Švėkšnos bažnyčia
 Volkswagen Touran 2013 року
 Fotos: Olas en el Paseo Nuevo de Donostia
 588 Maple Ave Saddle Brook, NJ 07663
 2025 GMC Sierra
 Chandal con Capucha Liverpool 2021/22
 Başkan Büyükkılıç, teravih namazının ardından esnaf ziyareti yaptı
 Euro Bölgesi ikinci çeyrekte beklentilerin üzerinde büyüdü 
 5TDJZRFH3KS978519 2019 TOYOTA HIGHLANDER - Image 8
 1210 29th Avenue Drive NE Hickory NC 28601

• _WHAT IS EXPECTED_
An unaltered transcription of all the data above is needed.

• _ANSWER BOX_
Švėkšnos bažnyčia
 Volkswagen Touran 2013 року
 Fotos: Olas en el Paseo Nuevo de Donostia
 588 Maple Ave Saddle Brook, NJ 07663
 2025 GMC Sierra
 Chandal con Capucha Liverpool 2021/22
 Başkan Büyükkılıç, teravih namazının ardından esnaf ziyareti yaptı
 Euro Bölgesi ikinci çeyrekte beklentilerin üzerinde büyüdü 
 5TDJZRFH3KS978519 2019 TOYOTA HIGHLANDER - Image 8
 1210 29th Avenue Drive NE Hickory NC 28601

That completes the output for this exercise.